Sunday, January 29, 2012

Not-so-Great Expectations

Jesus left that place and went off to the territory near the cities of Tyre and Sidon. 
A Canaanite woman who lived in that region came to him.  "Son of David!" she cried out.  "Have mercy on me, sir!  My daughter has a demon and is in a terrible condition." 
But Jesus did not say a word to her.  His disciples came to him and begged him, "Send her away!  She is following us and making all this noise!" 
Then Jesus replied, "I have been sent only to the lost sheep of the people of Israel." 
At this the woman came and fell at his feet.  "Help me, sir!" she said. 
Jesus answered, "It isn't right to take the children's food and throw it to the dogs." 
"That's true, sir," she answered, "but even the dogs eat the leftovers that fall from their masters' table." 
So Jesus answered her, "You are a woman of great faith!  What you want will be done for you."  And at that very moment her daughter was healed.
Matthew 15:21-28 (GNT)

This story seems difficult to reconcile with the rest of the gospel.  The Canaanite woman was an outsider and ceremonially unclean.  Jesus dealt with others who were outsiders, though.  He healed the Roman centurion's servant, for example.  Jesus also dealt with others who were ceremonially unclean, including many lepers.  The story of the Canaanite woman goes differently than the others, though.

When the woman cried out to Jesus, he did not respond.  In other, similar circumstances, Jesus leaped into action.  In those other situations, Jesus immediately responded to calls for help.  In this story, it seems that Jesus's disciples had to prod him into responding.

"Send her away!" they implored him.

Jesus appeared to side with his disciples.  Twice, he tried to drive her away.  He told her that he had only been sent to the lost sheep of Israel.  He told her that dogs (Canaanites) did not deserve the children's (Israelites) food.  We can imagine the disciples gathered around this poor woman, nodding their heads in agreement.

To her credit, the woman would not give up.  This woman showed persistence, and it paid off.  Throughout the gospels, Jesus constantly taught the lesson of persistence.  But, perhaps here Jesus was making another point as well.

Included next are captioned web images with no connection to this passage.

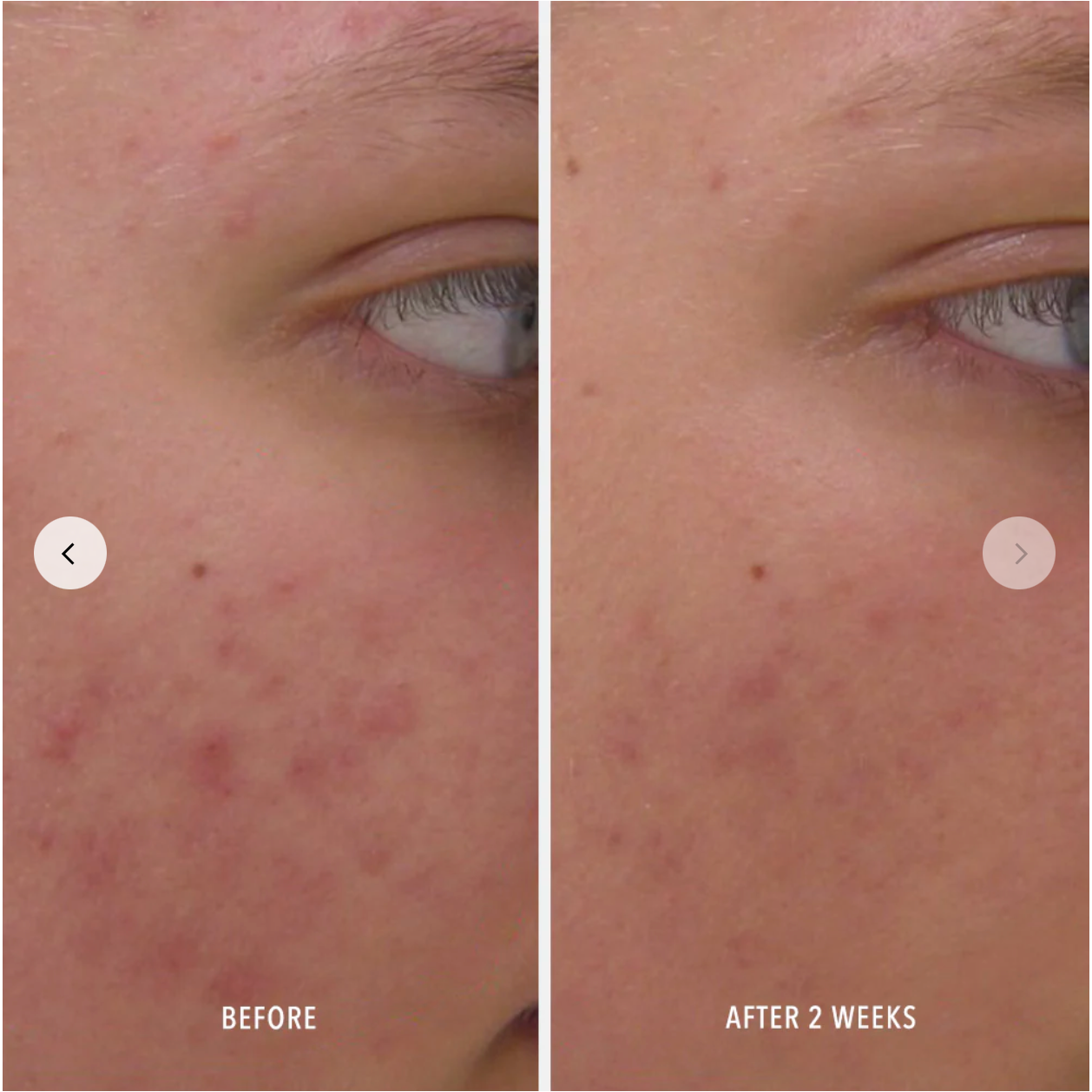 Acne Breakouts & Pimples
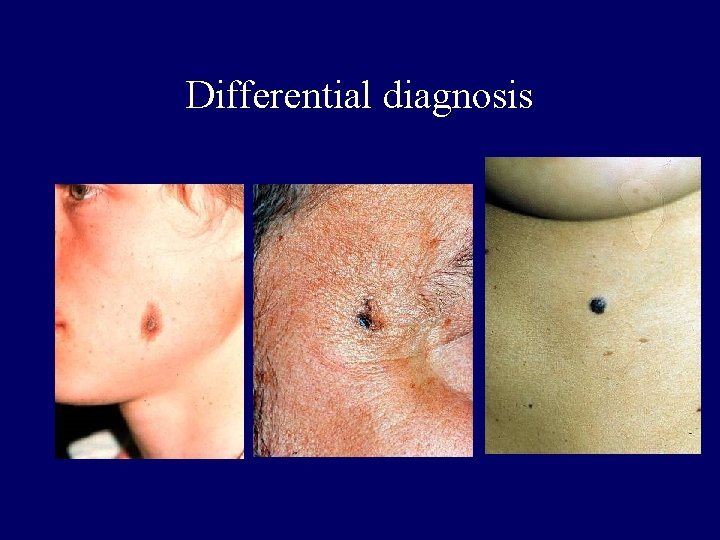 Differential diagnosis Differential diagnosis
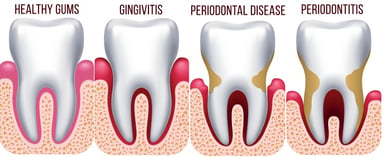 Periodontics NYC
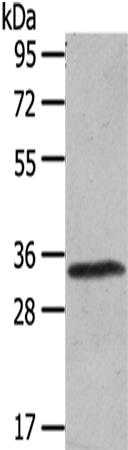 Rabbit Polyclonal Antibody to UCP3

At first, Jesus kept silent.  Was he testing his disciples?  Did he want them to speak up first -- to show that they had learned the full extent of his ministry?  Was he waiting for them to beg him to help this woman?  If so, they failed that test.

Then, when Jesus did speak, he said the kind of things that his disciples would have expected to hear.  She was an outsider; she was of no concern to Israel's Messiah.  Not only that, but Israel's Messiah certainly would not violate the Law of ceremonial cleanliness.  This was the kind of Messiah that the disciples thought they were following.

Jesus confounded his disciples' expectation.  He sided with the woman, he praised her faith, and he gave her the miracle that she was begging for.  Jesus not only gave the woman her miracle, but he gave his disciples another object lesson in the difference between their limited expectation of him and his true nature.

Do we, like the disciples, attempt to limit Jesus's infinite power by our own expectations of what he should do and who he should be?  Are our expectations of Jesus too narrow-minded, too self-righteous, just plain too small?  Where has Jesus confounded you?